- **Task objective**
Please transcribe only the lines between the one containing "Top Gun - F14 Tomcat (759 Piece Kit)" and the end of the records, both ends included, exactly as written; skip every picture.

(Items listed in a dataset)
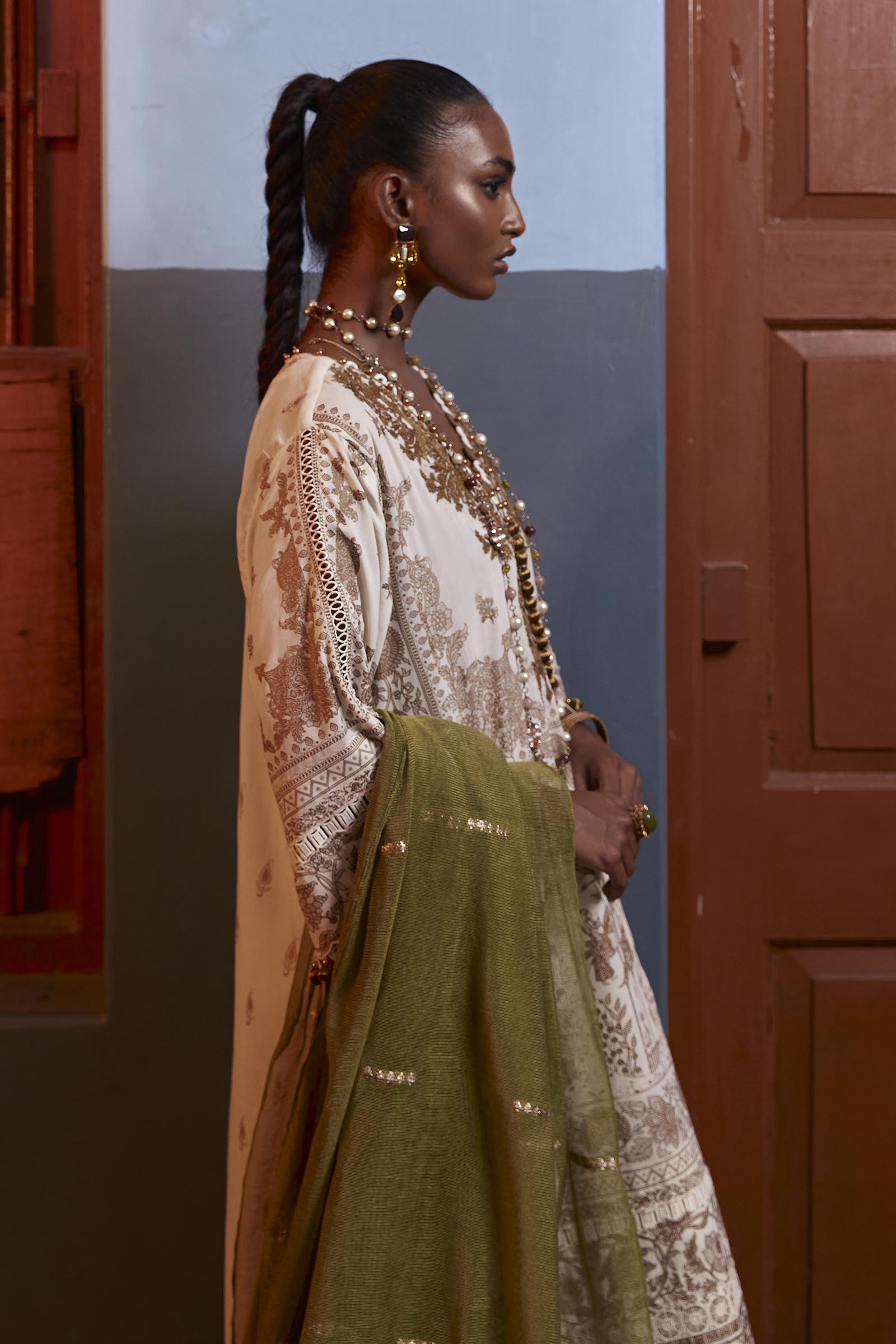 Unstitched Printed Lawn Suit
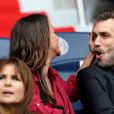 Alice Belaïdi et Gianni Giardinelli lors du match PSG - Bordeaux au Parc des Princes le 1er octobre 2016. © Cyril Moreau / Bestimage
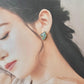 【Fittings Selection Available】Arita Ware Kintsugi Pierced Earrings / Clip-on Earrings, White, Flower Pattern, Leaf Pattern, Traditional Craft, #478
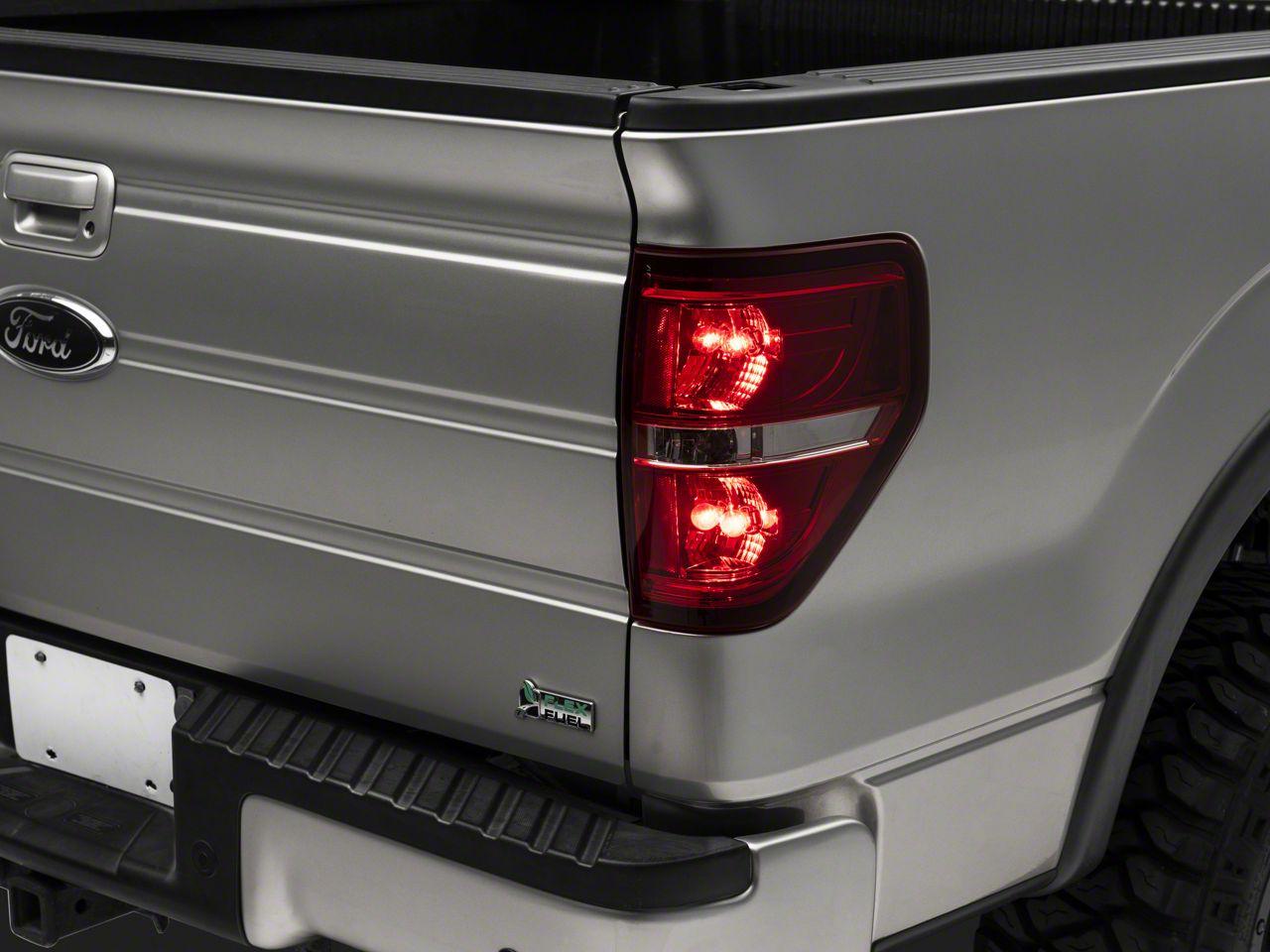 Raxiom Tail Lights; Chrome Housing; Red/Clear Lens (2009-2014 F-150) - T542865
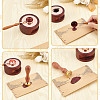 Brass Wax Seal Stamps with Wood Handle AJEW-WH0412-0193-3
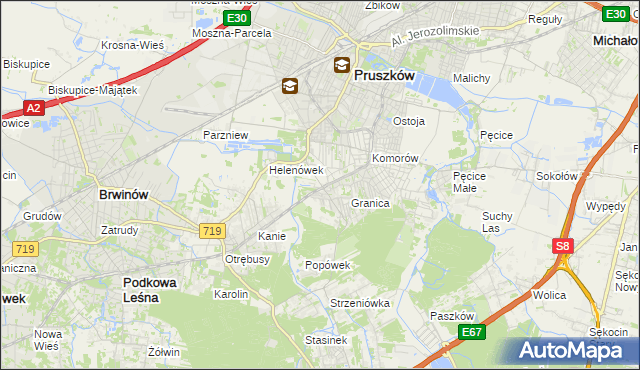 mapa Nowa Wieś gmina Michałowice, Nowa Wieś gmina Michałowice na mapie Targeo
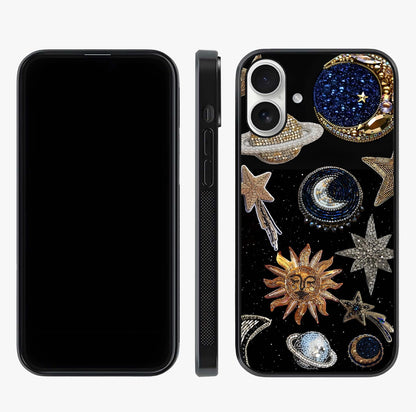 Celestial Gem Constellations Glass Case displayed upright for full design visibility and premium finish.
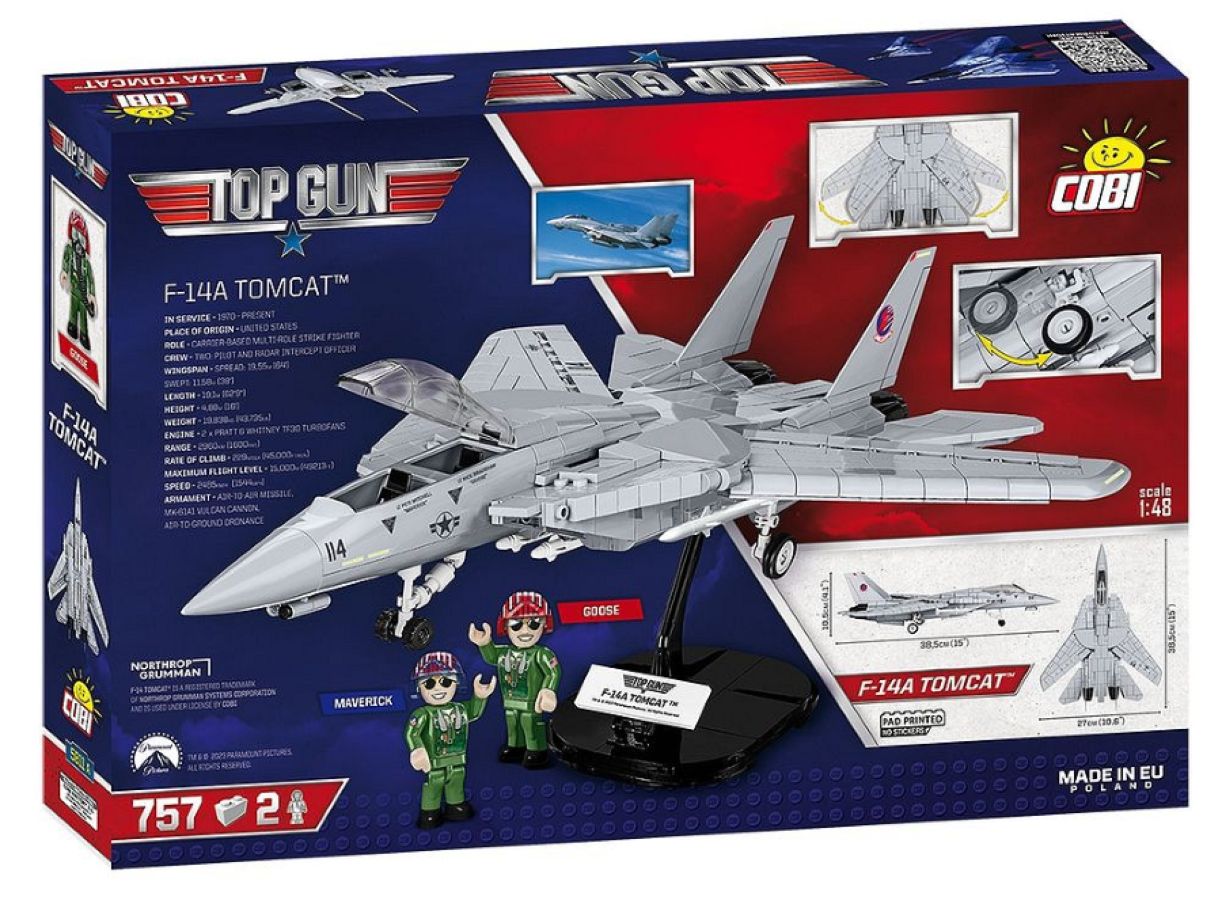 Top Gun - F14 Tomcat (759 Piece Kit)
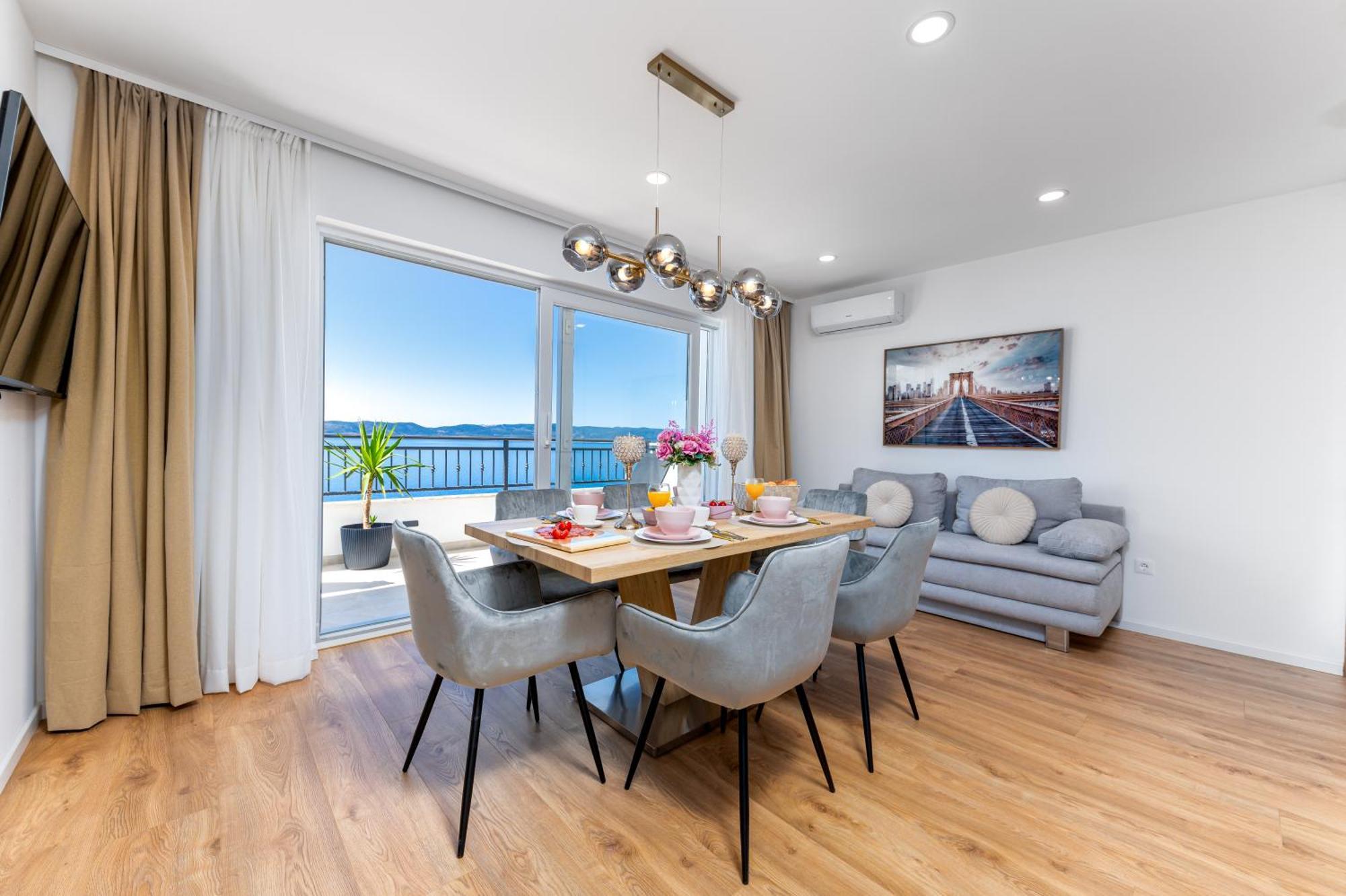 Seaview Apartments Nives Brela Exterior photo
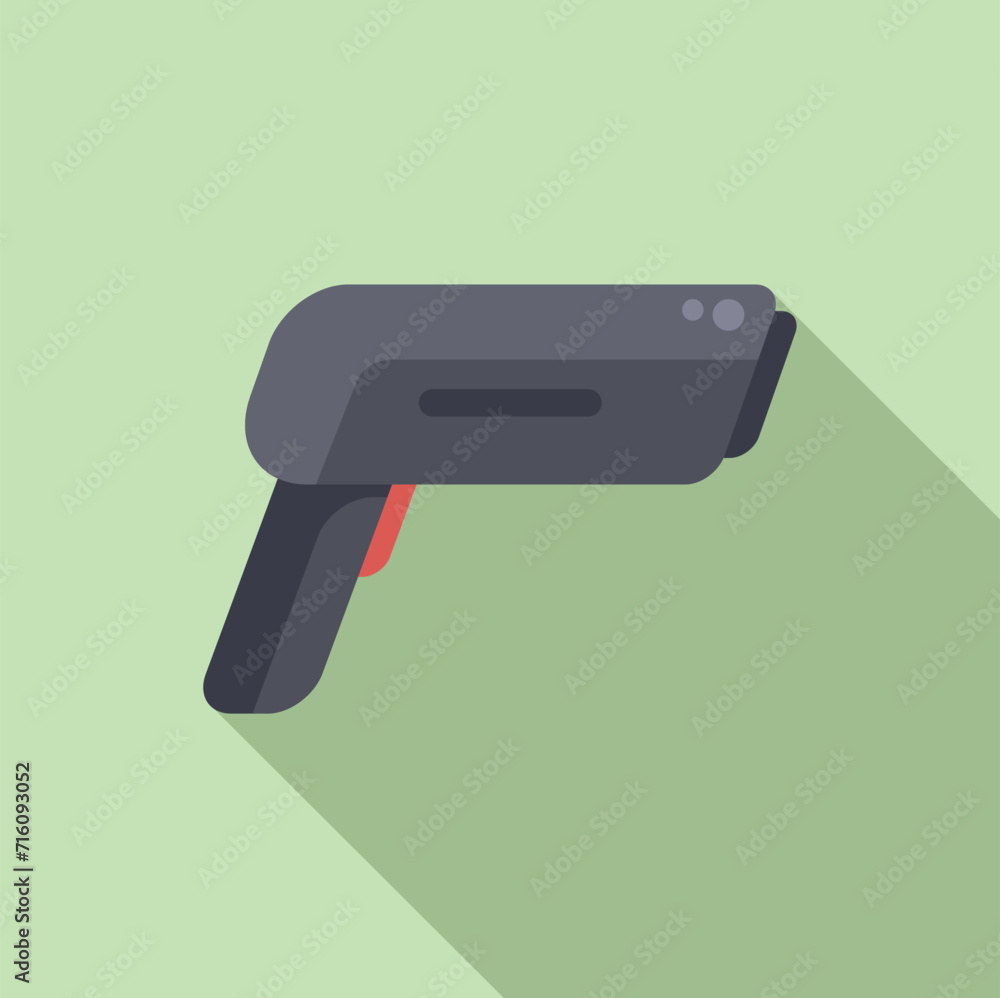 Aufkleber bar code scanner icon flat vector. scan smart check. check ticket pay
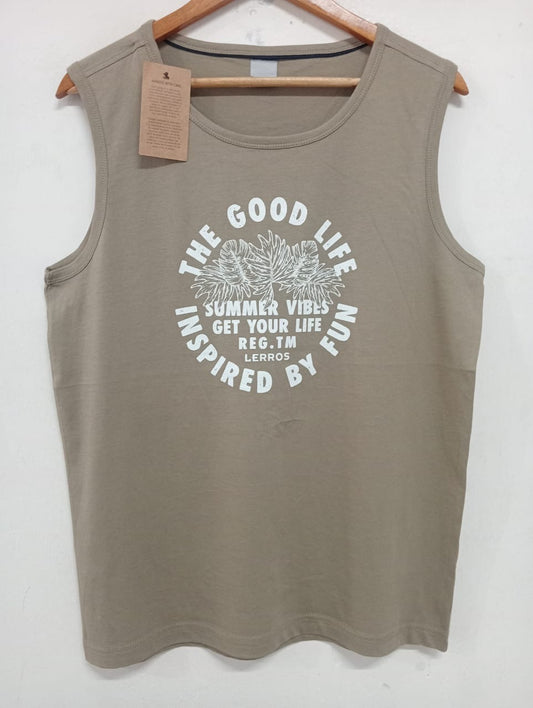 Ero Dark Beige Colour Tank Top 989439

- **Response to the exercise**
 Top Gun - F14 Tomcat (759 Piece Kit)
 Seaview Apartments Nives Brela Exterior photo
 Aufkleber bar code scanner icon flat vector. scan smart check. check ticket pay
 Ero Dark Beige Colour Tank Top 989439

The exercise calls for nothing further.